# [SUPPLIED DATA]
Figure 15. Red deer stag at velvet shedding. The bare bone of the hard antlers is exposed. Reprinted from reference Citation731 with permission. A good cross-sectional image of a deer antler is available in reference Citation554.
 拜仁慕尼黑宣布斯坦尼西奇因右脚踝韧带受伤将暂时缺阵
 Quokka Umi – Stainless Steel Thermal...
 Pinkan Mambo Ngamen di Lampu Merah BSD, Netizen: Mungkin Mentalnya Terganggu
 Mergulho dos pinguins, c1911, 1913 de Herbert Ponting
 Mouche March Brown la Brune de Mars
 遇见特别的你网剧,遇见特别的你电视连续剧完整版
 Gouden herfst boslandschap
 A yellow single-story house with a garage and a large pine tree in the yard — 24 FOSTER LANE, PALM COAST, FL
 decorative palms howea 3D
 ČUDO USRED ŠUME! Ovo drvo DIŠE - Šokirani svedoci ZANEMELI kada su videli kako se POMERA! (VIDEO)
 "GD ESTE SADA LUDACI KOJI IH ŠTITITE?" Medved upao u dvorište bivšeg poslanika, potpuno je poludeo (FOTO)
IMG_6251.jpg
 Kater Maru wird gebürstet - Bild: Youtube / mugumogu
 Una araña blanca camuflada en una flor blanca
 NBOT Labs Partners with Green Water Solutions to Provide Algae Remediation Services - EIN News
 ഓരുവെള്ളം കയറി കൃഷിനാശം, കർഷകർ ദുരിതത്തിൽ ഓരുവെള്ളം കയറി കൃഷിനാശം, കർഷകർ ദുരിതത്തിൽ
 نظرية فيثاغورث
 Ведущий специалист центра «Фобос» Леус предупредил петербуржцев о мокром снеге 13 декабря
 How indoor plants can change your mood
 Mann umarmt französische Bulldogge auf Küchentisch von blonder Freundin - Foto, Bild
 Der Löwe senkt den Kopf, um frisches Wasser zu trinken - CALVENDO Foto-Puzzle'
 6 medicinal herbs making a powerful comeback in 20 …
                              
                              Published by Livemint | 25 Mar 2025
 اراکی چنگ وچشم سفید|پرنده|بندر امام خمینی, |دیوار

# [TASK TO COMPLETE]
Write the whole listing out again. Keep every line exactly as it is.

# [SOLUTION TO THE PROBLEM]
Figure 15. Red deer stag at velvet shedding. The bare bone of the hard antlers is exposed. Reprinted from reference Citation731 with permission. A good cross-sectional image of a deer antler is available in reference Citation554.
 拜仁慕尼黑宣布斯坦尼西奇因右脚踝韧带受伤将暂时缺阵
 Quokka Umi – Stainless Steel Thermal...
 Pinkan Mambo Ngamen di Lampu Merah BSD, Netizen: Mungkin Mentalnya Terganggu
 Mergulho dos pinguins, c1911, 1913 de Herbert Ponting
 Mouche March Brown la Brune de Mars
 遇见特别的你网剧,遇见特别的你电视连续剧完整版
 Gouden herfst boslandschap
 A yellow single-story house with a garage and a large pine tree in the yard — 24 FOSTER LANE, PALM COAST, FL
 decorative palms howea 3D
 ČUDO USRED ŠUME! Ovo drvo DIŠE - Šokirani svedoci ZANEMELI kada su videli kako se POMERA! (VIDEO)
 "GD ESTE SADA LUDACI KOJI IH ŠTITITE?" Medved upao u dvorište bivšeg poslanika, potpuno je poludeo (FOTO)
IMG_6251.jpg
 Kater Maru wird gebürstet - Bild: Youtube / mugumogu
 Una araña blanca camuflada en una flor blanca
 NBOT Labs Partners with Green Water Solutions to Provide Algae Remediation Services - EIN News
 ഓരുവെള്ളം കയറി കൃഷിനാശം, കർഷകർ ദുരിതത്തിൽ ഓരുവെള്ളം കയറി കൃഷിനാശം, കർഷകർ ദുരിതത്തിൽ
 نظرية فيثاغورث
 Ведущий специалист центра «Фобос» Леус предупредил петербуржцев о мокром снеге 13 декабря
 How indoor plants can change your mood
 Mann umarmt französische Bulldogge auf Küchentisch von blonder Freundin - Foto, Bild
 Der Löwe senkt den Kopf, um frisches Wasser zu trinken - CALVENDO Foto-Puzzle'
 6 medicinal herbs making a powerful comeback in 20 …
                              
                              Published by Livemint | 25 Mar 2025
 اراکی چنگ وچشم سفید|پرنده|بندر امام خمینی, |دیوار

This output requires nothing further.